━━━ Data section
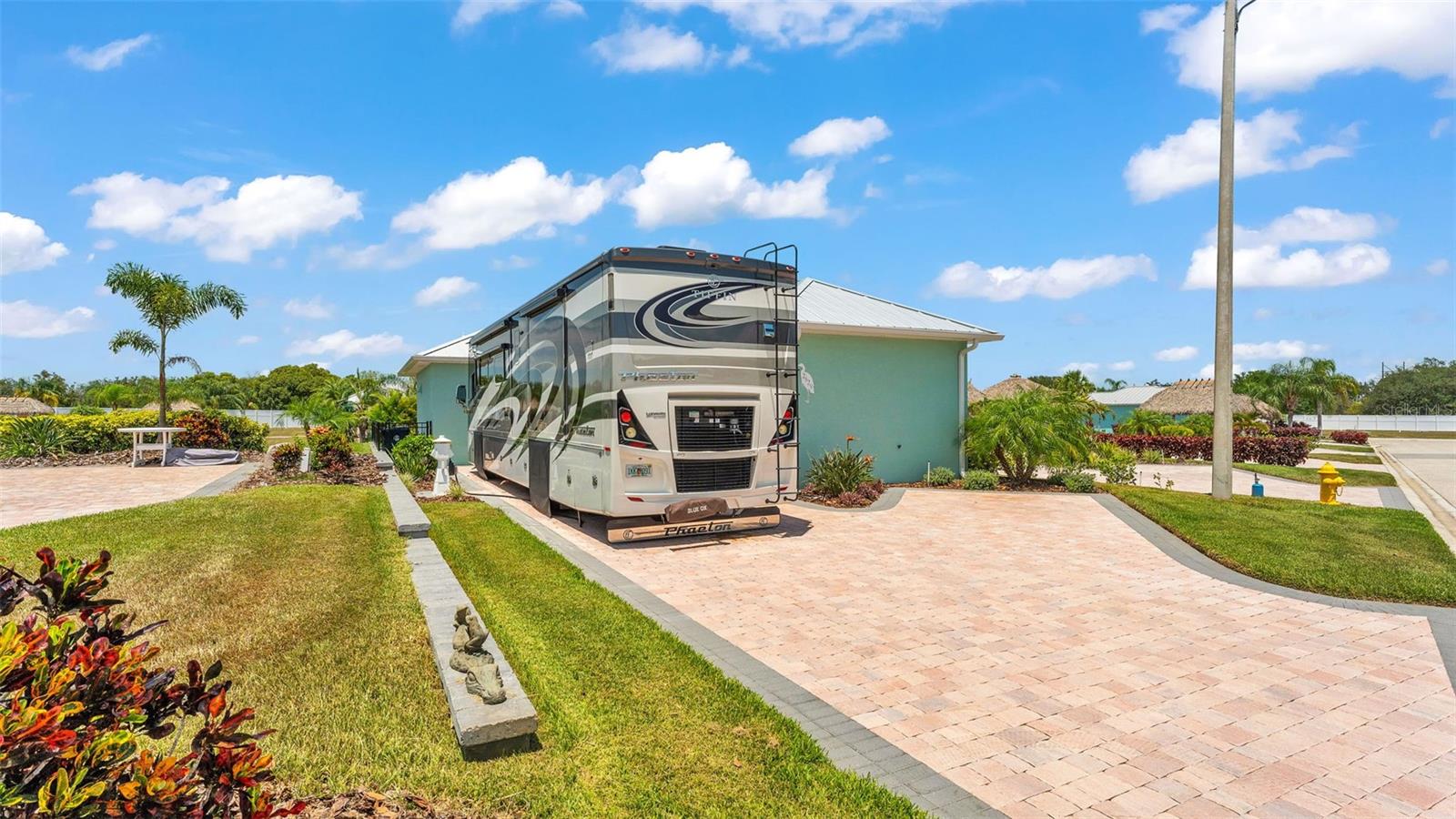 BAY LAKE RESIDENCE - Residential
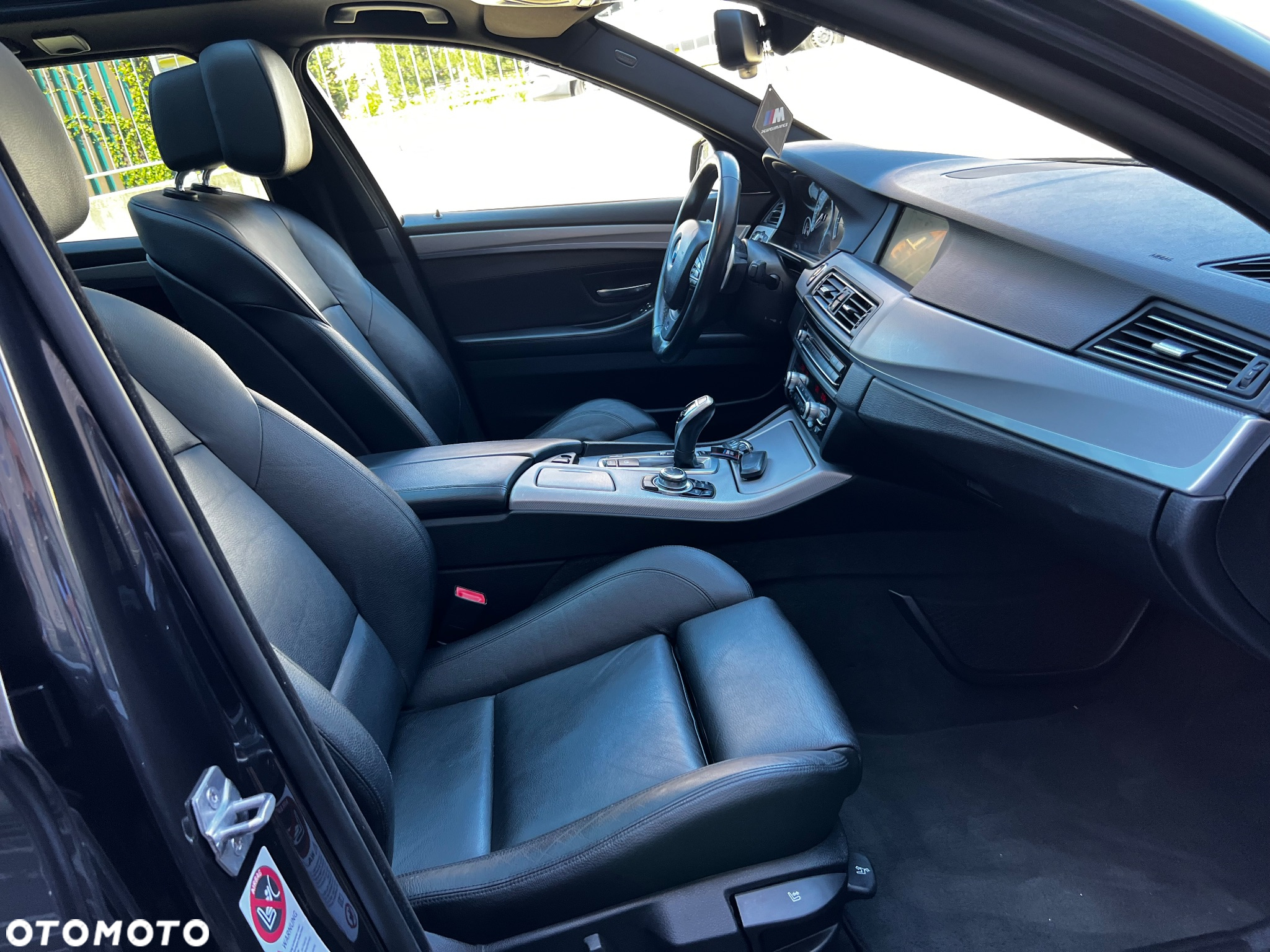 BMW Seria 5 520d Touring Sport-Aut - 33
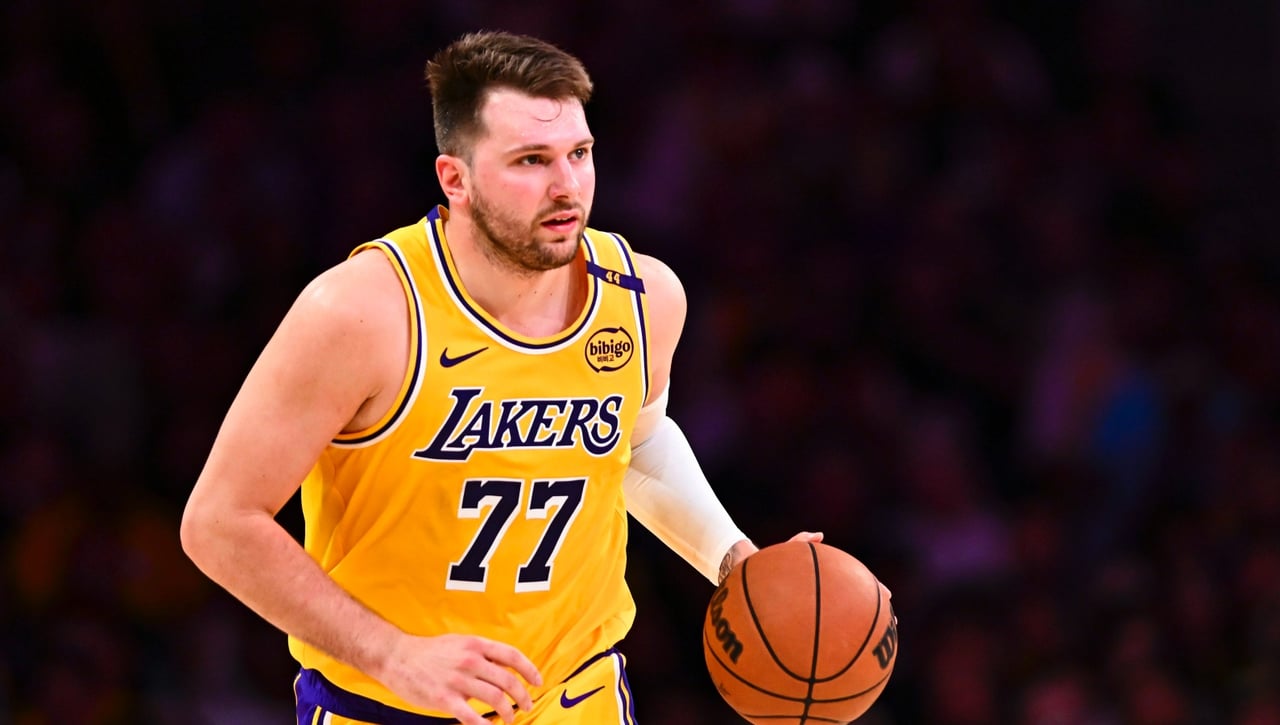 Luka Doncic alcanza la meta a costa de Nikola Jokic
━━━━━━
What to do
Only the text of the material belongs in your copy, which must match the original exactly.

Solution
 BAY LAKE RESIDENCE - Residential
 BMW Seria 5 520d Touring Sport-Aut - 33
 Luka Doncic alcanza la meta a costa de Nikola Jokic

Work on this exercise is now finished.